Hezbollah's Al-Manar television said the envoys arriving in Lebanon are coming for a "clear-cut objective to give more time for enemy aircraft to carry out more destruction and devastation so that someone can raise the banner of surrender."

The guerrilla group remains that it wants an unconditional cease-fire. Al-Manar said it will continue to fire rockets on Israel, warning: "This is the beginning. Beware of our cyclone."

Earlier, a new round of rocket attacks showered several northern Israeli cities, hitting several targets including a hospital and shattering a brief lull in a day fraught with violence.

Guerrillas launched rockets from southern Lebanon striking near a hospital in Safed, the city of Haifa and the border town of Kiryat Shemona, according to Israeli security officials. There were no immediate reports of injuries.

Earlier, Prime Minister Ehud Olmert said Monday the fighting in Lebanon would end when Hezbollah guerrillas freed two captured soldiers, rocket attacks on Israel stopped and the Lebanese army deployed along the border.

Elsewhere in the conflict:

• Tel Aviv residents are placed on alert.

• The father of an Israeli soldier kidnapped by Lebanese guerrillas pleads to his captors for a sign that his son is still alive.

• U.N. Security Council awaits return of U.N. mission to the region.

• German deputy foreign minister says Israel's attacks on Beirut reduce Lebanon's ability to reign in Hezbollah.

• Israeli warplanes bomb the Palestinian Foreign Ministry for a second time.

• World leaders consider international peacekeepers to address Middle East violence.

• The Iranian foreign minister says cease-fire, prisoner swap would be acceptable to end current conflict.

• The leaders of the Group of Eight call for the end to violence in the Middle East.

In his first address to the Knesset since the nation began an offensive against Hezbollah six days ago, Olmert pledged that Israel would "not be a hostage" to terrorists and the fight was one "for the right to live a normal life."

"When missiles are launched at our residents and our towns, our answer will be war waged at full strength, with all determination, courage and sacrifice," he said after a day of attacks on the Lebanese border, including a hail of Lebanese-fired rockets raining down on the northern Israeli city of Haifa.

"We are not looking for war or direct conflict, but if necessary we will not be frightened by it," he added.

An airstrike in Lebanon destroyed at least one long-range Iranian missile capable of hitting Tel Aviv, Israeli military officials said.

Israeli aircraft targeted a truck carrying the weapons before they could be launched, the officials said speaking on the condition of anonymity because of military regulations.

Earlier Israeli bulldozers protected by tanks entered Lebanon to knock out Hezbollah-controlled buildings and guerrilla holdouts, an Israeli Defense Forces (IDF) spokesperson said.

Three U.S. military helicopters were being used to transport Americans from Beirut to Cyprus, with more expected to arrive Tuesday, Pentagon spokesman Bryan Whitman told FOX News.
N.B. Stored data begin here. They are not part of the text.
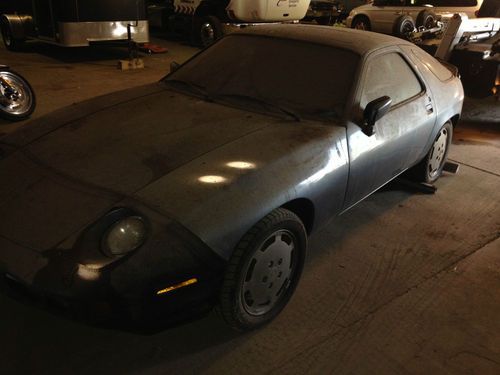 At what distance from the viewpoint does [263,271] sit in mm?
2316

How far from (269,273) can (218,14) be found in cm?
988

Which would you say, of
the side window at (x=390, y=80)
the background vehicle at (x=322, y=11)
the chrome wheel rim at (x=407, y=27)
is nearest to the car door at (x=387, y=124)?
the side window at (x=390, y=80)

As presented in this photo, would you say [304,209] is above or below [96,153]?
below

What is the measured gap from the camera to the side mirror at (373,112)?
277 centimetres

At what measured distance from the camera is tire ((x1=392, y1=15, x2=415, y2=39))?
371 inches

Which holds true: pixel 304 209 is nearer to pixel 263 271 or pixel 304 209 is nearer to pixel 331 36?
pixel 263 271

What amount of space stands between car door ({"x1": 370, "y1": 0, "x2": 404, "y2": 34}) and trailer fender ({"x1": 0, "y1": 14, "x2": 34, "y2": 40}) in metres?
8.00

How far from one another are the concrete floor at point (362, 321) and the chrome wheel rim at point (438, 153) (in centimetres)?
36

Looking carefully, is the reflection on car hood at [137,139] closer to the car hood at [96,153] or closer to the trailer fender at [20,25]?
the car hood at [96,153]

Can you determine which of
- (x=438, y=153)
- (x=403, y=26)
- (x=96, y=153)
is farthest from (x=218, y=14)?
(x=96, y=153)

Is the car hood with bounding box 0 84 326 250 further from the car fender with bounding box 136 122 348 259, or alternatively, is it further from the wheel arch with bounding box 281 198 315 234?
the wheel arch with bounding box 281 198 315 234

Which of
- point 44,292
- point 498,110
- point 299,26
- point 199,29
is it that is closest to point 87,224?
point 44,292

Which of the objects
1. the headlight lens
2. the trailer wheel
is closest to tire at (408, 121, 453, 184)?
the headlight lens

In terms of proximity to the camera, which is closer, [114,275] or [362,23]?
[114,275] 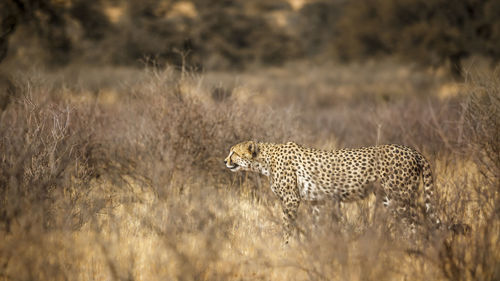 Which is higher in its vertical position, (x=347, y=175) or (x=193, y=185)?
(x=347, y=175)

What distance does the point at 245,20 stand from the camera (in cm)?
3644

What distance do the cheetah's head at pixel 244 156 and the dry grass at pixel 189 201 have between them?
1.21 feet

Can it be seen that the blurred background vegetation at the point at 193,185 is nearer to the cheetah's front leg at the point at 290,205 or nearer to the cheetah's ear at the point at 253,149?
the cheetah's front leg at the point at 290,205

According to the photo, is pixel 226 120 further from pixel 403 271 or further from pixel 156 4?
pixel 156 4

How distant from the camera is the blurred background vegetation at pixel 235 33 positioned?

A Greek ship, the Orient Queen, was set to arrive Tuesday to ferry people from Lebanon to Cyprus; it will travel under U.S. Naval escort, if necessary, Whitman said.
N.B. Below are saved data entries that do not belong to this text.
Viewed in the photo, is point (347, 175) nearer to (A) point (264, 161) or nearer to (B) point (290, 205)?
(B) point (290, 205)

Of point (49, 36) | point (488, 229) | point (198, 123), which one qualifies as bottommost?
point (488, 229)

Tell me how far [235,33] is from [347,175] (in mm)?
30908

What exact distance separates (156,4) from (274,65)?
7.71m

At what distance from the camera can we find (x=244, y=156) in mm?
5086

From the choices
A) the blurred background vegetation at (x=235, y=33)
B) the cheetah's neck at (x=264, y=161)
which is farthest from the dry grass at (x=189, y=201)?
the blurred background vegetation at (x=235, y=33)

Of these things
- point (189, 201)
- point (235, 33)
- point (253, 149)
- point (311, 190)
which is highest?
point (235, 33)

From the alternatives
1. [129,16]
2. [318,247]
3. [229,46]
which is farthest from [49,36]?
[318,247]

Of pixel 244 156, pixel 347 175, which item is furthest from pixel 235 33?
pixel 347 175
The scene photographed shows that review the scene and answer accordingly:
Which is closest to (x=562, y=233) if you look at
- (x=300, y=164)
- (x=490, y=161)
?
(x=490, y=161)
Lebanese television broadcast video of what it said was an Israeli F-16 being shot out of the sky. But the IDF denied that any of their aircraft had been shot down.

Israel "is actually doing its work in the war against terror," Dan Gillerman told FOX News. Gillerman, the Israeli ambassador to the U.N., likened Hezbollah to a cancer in the body of Lebanon.

"If we succeed in removing Hezbollah and disarming Hezbollah, Lebanon will be better off, the region will be better off and the whole world will be better off," Gillerman said.

At least six people were injured, including one seriously, when Hezbollah rockets caused a building to partially collapse in Haifa, Israel's third-largest city.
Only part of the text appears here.